When the Lord arrived, he picked up on the conversation of Job’s friends, and he challenged them to tell whether any of them could say where the rain and snow come from, or the wind, or the stars. Then the Lord questioned Job about seven ordinary animals, like the hawk and the wild ox, the horse and the lioness. After asking whether Job or any of his friends were there when he created the world or any of these seven ordinary creatures, the Lord turns to two extraordinary creatures. First came Behemoth—a beast which God describes in chapter 40, and Leviathan, the monster before us today.
In the New Testament, there are references to the Beast and the Dragon which sound very much like an application of Behemoth and Leviathan. Should we think the same way?
Whom should I fear?
The Leviathan is pictured as destructive, as terrifying, as unbeatable—this is something Job and you and I should fear, and respect, and we should make plenty of room for him. The word leviathan in Hebrew seems to come from a root word meaning “bend” or “twist.” And although an ordinary animal could fit most of the description, nothing on earth today and nothing we know of that’s extinct fits the description we have here of the leviathan.
So before we apply this mysterious creature to our lives, let’s notice—please indulge me—let’s notice just one more thing. The book of Job is one of the Bible’s great Wisdom Books, which means that as in Proverbs, we expect that there will be some symbolism in the words, especially things like colors, numbers and even minerals in Job.
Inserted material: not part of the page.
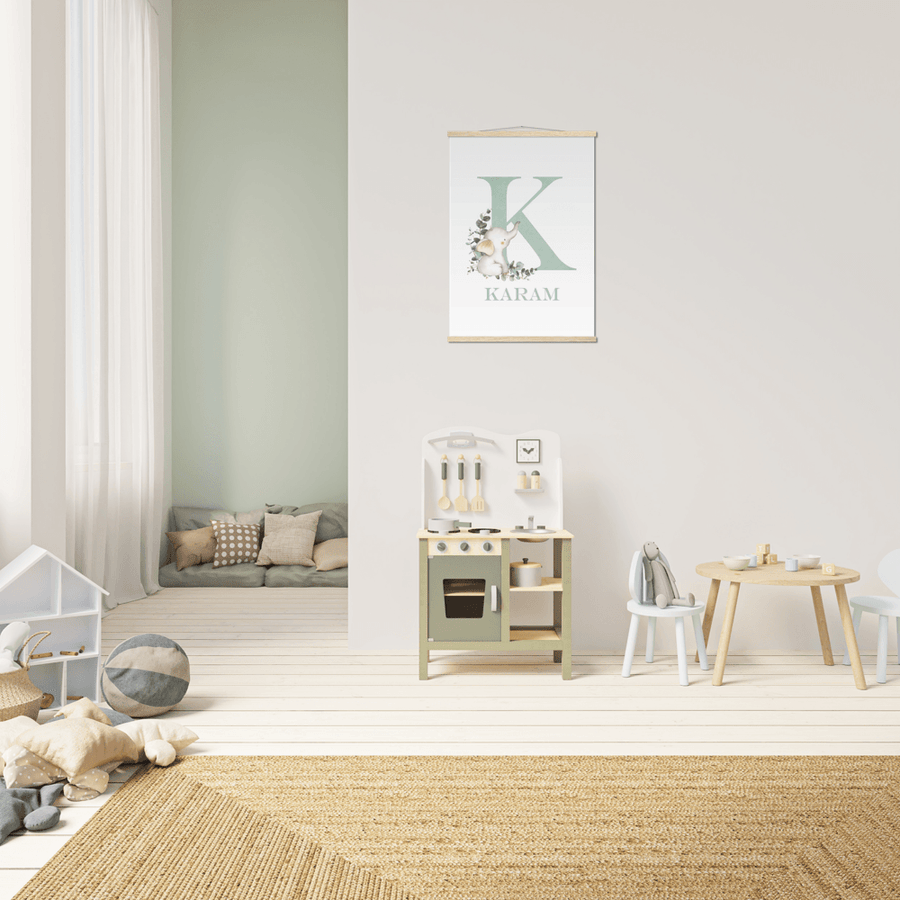 Cute Elephant Alphabet Letter Poster & Hanger - Twinkle and Giraffe Designs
The Lord mentioned seven ordinary creatures, and just two extraordinary creatures as he questioned his servant. But that’s only nine. In a book like Job, we would expect there to be a round ten examples, as long as the Lord through the poet is teaching us something here. But all through the book of Job, there has been a creature of God who has gone unmentioned, and virtually unnoticed by Job and his friends—and that’s the devil himself.
In the description of Leviathan, God has left room for something unmentioned and even more fearsome for us to consider. And so rather than trying to identify this monster—which cannot be identified—we should take the next step, and recognize the unnamed terror underlying everything in the book, and responsible for all of the sin, the pain, the loss, the trouble and the temptation in our lives.
Would you try to catch the monster Leviathan with a fishhook? Well, would you ever dare to go fishing for the devil himself? Would you want to keep Lucifer in the back field with a ring through his nose like your uncle’s prizewinning bull? Will you beg the devil for mercy? Will evil—the evil that tempted Eve with the slightest pinprick of a lie—will evil be merciful with you? Will evil be gentle with you? Will you make a bargain with the devil and agree to be in his debt? To become his slave?
Be careful with your faith. We get angry with the world, and we get angry with sinfulness, and we get angry that our plans fall through. Who are we angry with? Are we angry with God ? If we’re angry with God, who will we turn to for help? Who is really looking after us? If we listen to the hissing lies of the devil, we will be tempted to lay our troubles at God’s door instead of laying our sins down at the foot of the cross.
Remember what John said about the Great Dragon in Revelation:
The great dragon was hurled down—that ancient serpent called the devil, or Satan, who leads the whole world astray. He was hurled to the earth, and his angels with him. Then I heard a loud voice in heaven say: “Now have come the salvation and the power and the kingdom of our God, and the authority of his Christ!” (Rev. 12:9-10).
In verse 14, God warns about Leviathan: Who dares open the doors of its mouth, ringed about with fearsome teeth? If that’s true of a dangerous and impossibly terrifying creature, how much more true isn’t it of the devil himself? Don’t let him open his mouth in your life. Don’t listen to his whispers, and don’t listen to the way he shouts at you through your TV set or the New York State supreme court. Keep his mouth shut. We do that spiritually by tuning the devil out when he tries to talk and by listening to God. When we hear what the Lord has to say, we will be better prepared to recognize the Adversary, the Satan, when he bares his teeth in our lives.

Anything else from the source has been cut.